Astronaut Status debuted in December 2014, just months after Wiseacre opened, and quickly gained traction. At the time, there were few beers like it in the Southeast, and the combination of high alcohol, dessert-like notes and a memorable name made it stand out.
“It took off the first year we made it,” co-founder and Brewmaster Davin Bartosch said. “We wanted to thread the needle on boozy, drinkable, sweet and unique.”
While being “raised” in brewing by working with Pete Crowley at Rock Bottom in Chicago from 2008-2009, Bartosch said they were constantly working on Bourbon Barrel-Aged beer. So when he and his brother Kellan opened Wiseacre in Memphis, Davin brought his experiences and learnings into putting beer in wood.
“I felt like the vanilla/cinnamon combination of horchata would be a nice Imperial Stout, so that is what Astronaut Status became,” he told Brewer.
The stout, aged for 11 months in Woodford Reserve Kentucky Bourbon barrels with cinnamon sticks and vanilla beans, offers rich notes of bourbon, vanilla and cinnamon layered over chocolate and coffee.
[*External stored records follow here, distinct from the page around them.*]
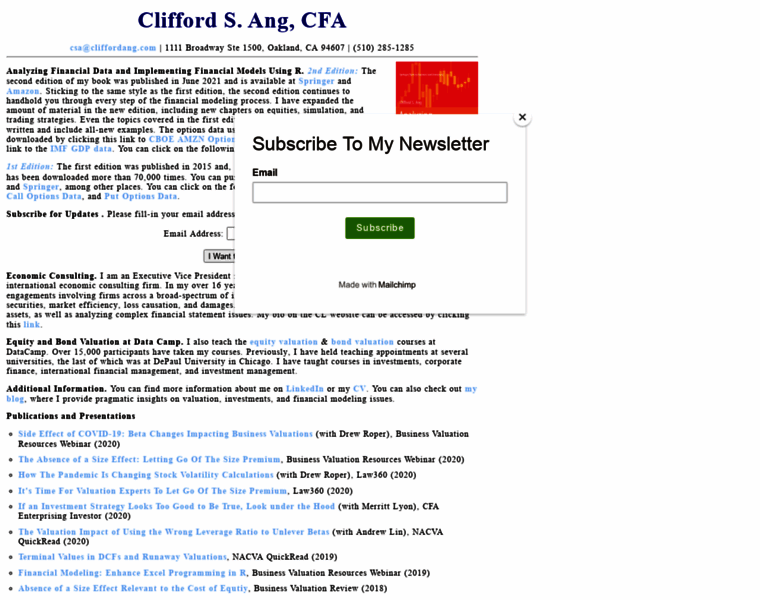 Cliffordang.com thumbnail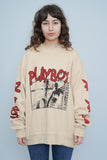 Polerón Café PLAYBOY BY PACSUN Talla L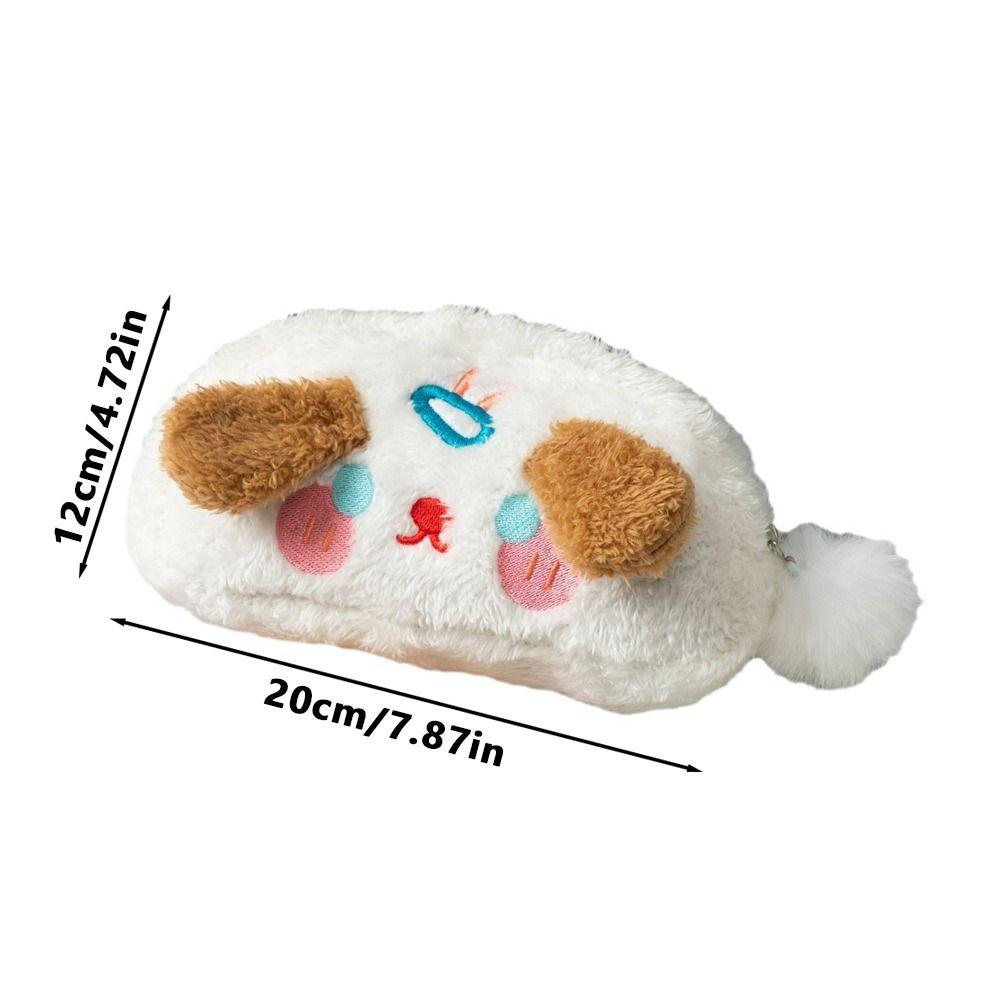 Large Capacity Pen Bag Puppy Shape Multi-functional Stationery Storage Bag Pen Box Students Gift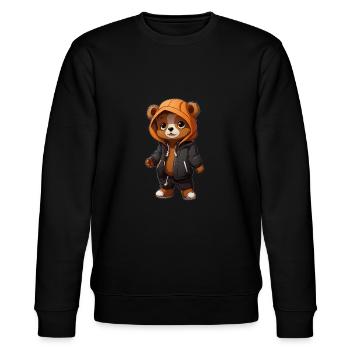 Cooler Baby Bär - Stanley/Stella Unisex Bio-Sweatshirt CHANGER  - Schwarz - Vorne - Nik (191cm) & Marisol (170cm)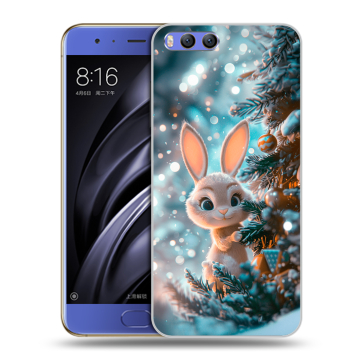 Силиконовый чехол на Xiaomi Mi6 с принтом Новый год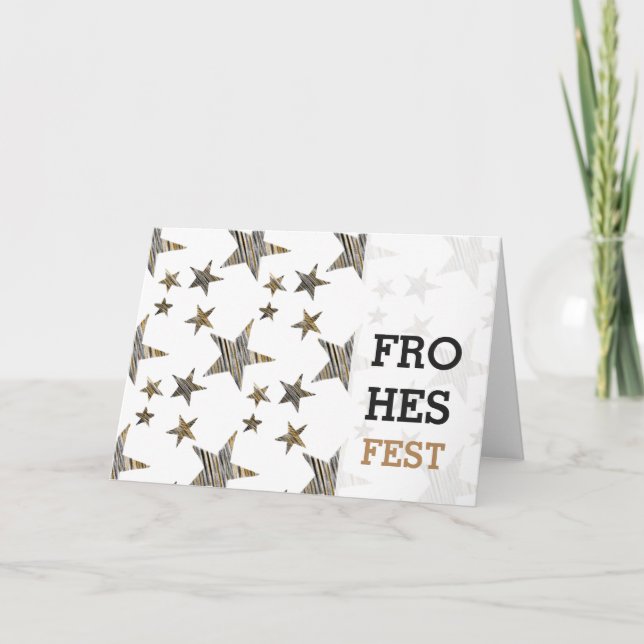 Moderne Sternen Karte (Vorderseite)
While it departs drastically from Wiseacre’s lighter, lower-ABV Lagers, its limited nature and bold profile have made it a staple of the brewery’s seasonal calendar.
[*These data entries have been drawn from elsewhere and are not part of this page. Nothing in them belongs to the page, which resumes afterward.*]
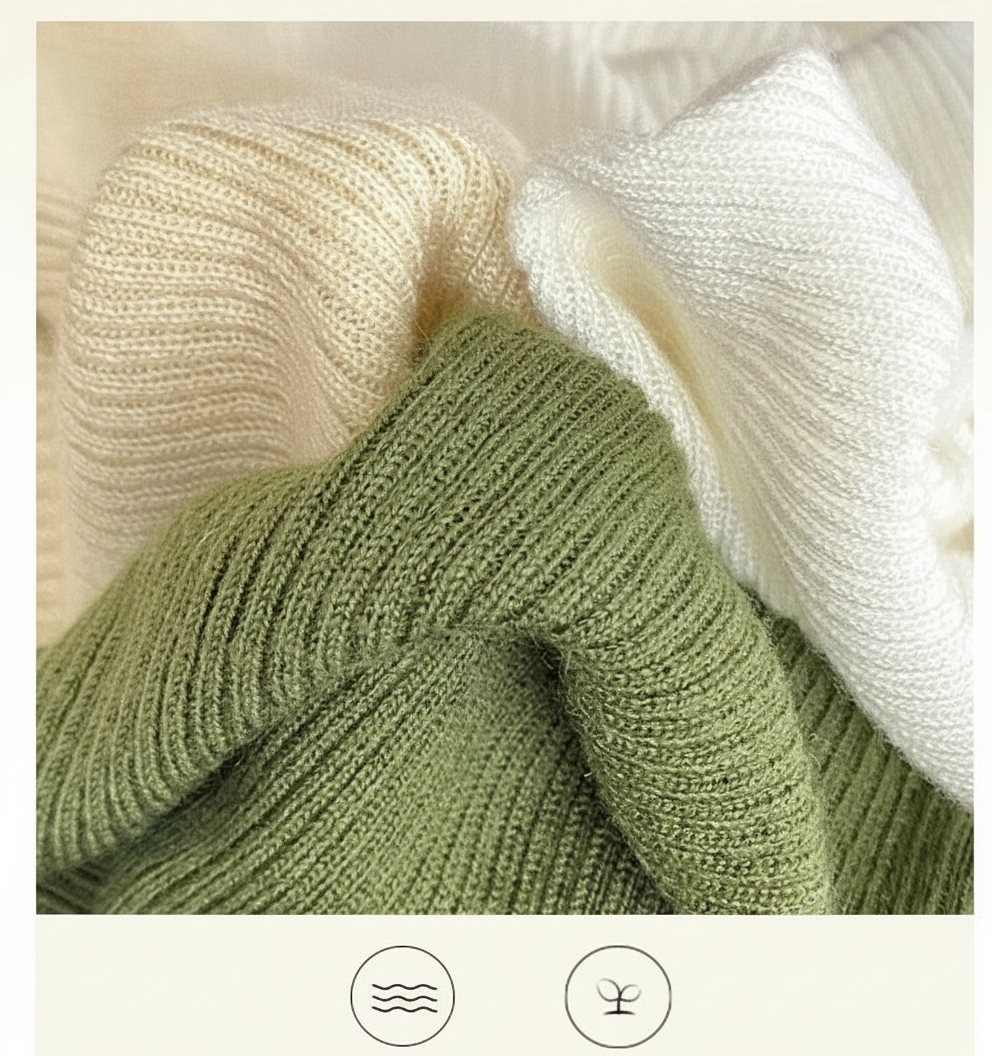 Autumn Winter Premium Mock Neck Sweater for Women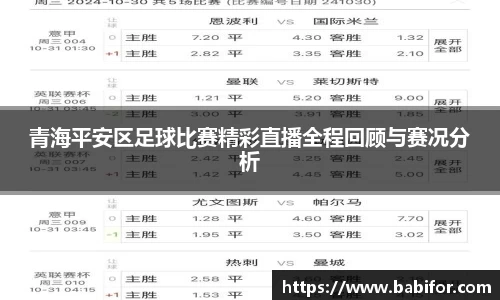青海平安区足球比赛精彩直播全程回顾与赛况分析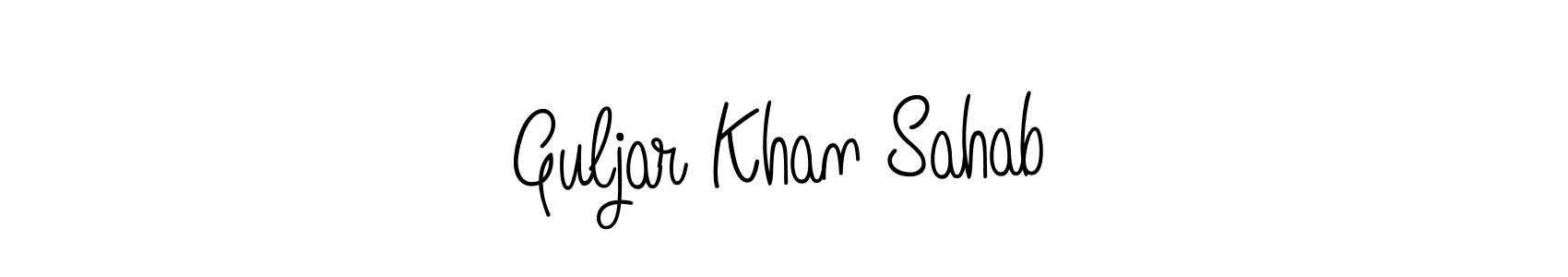 Use a signature maker to create a handwritten signature online. With this signature software, you can design (Angelique-Rose-font-FFP) your own signature for name Guljar Khan Sahab. Guljar Khan Sahab signature style 5 images and pictures png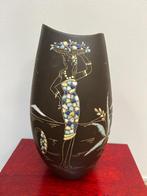 Handgeschilderde vintage vaas Spangenberg en Marzi & Remy, Ophalen of Verzenden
The beer’s success underscores a larger lesson for breweries of any size that diversifying into a different small-batch release of any kind can create excitement without disrupting your core production. Bartosch indicated that the beer was always meant to be fun for both the brewing team and consumers. Its annual release has become a taproom highlight, drawing crowds and creating a sense of tradition.
“I think the Imperial Stouts of today are very different from the ones we make,” he said. “We are trying to make something drinkable, even at high ABVs. Too many Imperial Stouts are so thick, they require more than one person to finish.
“We wanted to thread the needle on boozy, drinkable, sweet, and unique.”
From a business standpoint, Astronaut Status demonstrates how even a small-volume brand can strengthen consumer connection. Its limited supply sells out each year, while variants — from rum and maple barrel treatments to fruit-infused whiskey-aged editions — keep the concept fresh. Although the beer hasn’t directly led to new collaborations or major revenue streams, its branding, packaging and name have reinforced Wiseacre’s reputation for creativity.
Importantly, Wiseacre has kept the beer’s scale consistent.
“We have always made the same amount of it every year, and then we sell it all,” Bartosch said. That balance helps maintain demand and prevents the brewery from straining resources that remain focused on its Lagers.
Wiseacre’s experience shows that flagship beers need not be the only driver of loyalty. Specialty releases like Astronaut Status can carve out space for experimentation, showcase brewing expertise and build a tradition that consumers look forward to each year. It can be supporting the company rather than distracting from the main business.